YOUR INSTRUCTIONS: Copy every line of the data below exactly as given, except for the pictures.

SUPPLIED MATERIAL:
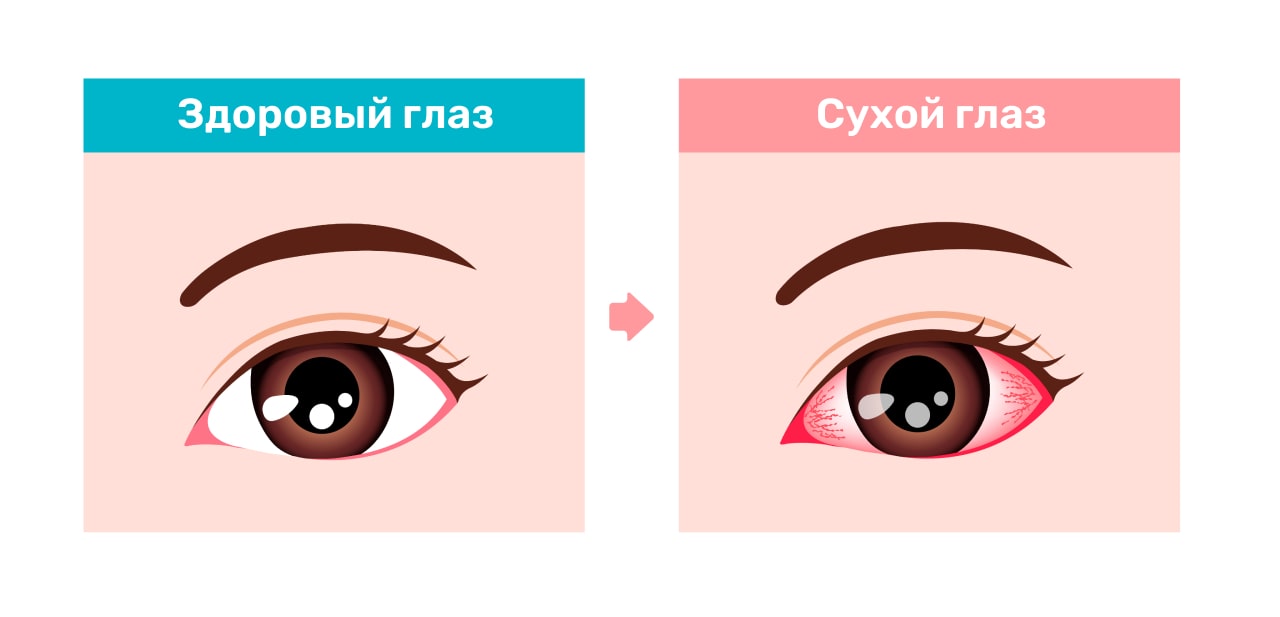 Синдром сухого глаза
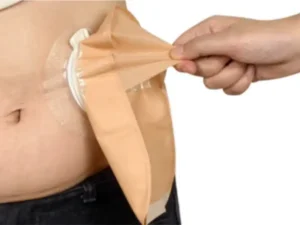 advantages of colostomy bag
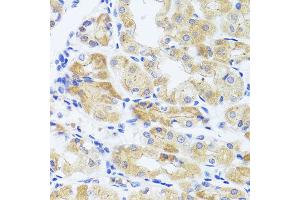 Immunohistochemistry of paraffin-embedded human stomach using INADL antibody at dilution of 1:100 (x40 lens). (PATJ antibody)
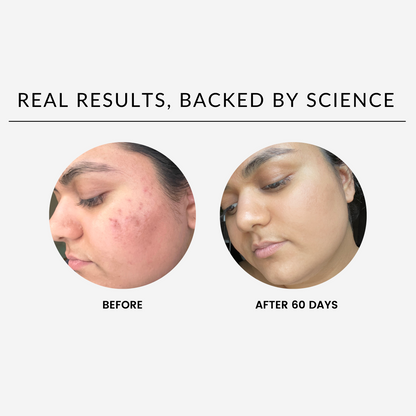 Overnight Glow Up Skincare | Diesel Diamond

ANSWER AREA:
 Синдром сухого глаза
 advantages of colostomy bag
 Immunohistochemistry of paraffin-embedded human stomach using INADL antibody at dilution of 1:100 (x40 lens). (PATJ antibody)
 Overnight Glow Up Skincare | Diesel Diamond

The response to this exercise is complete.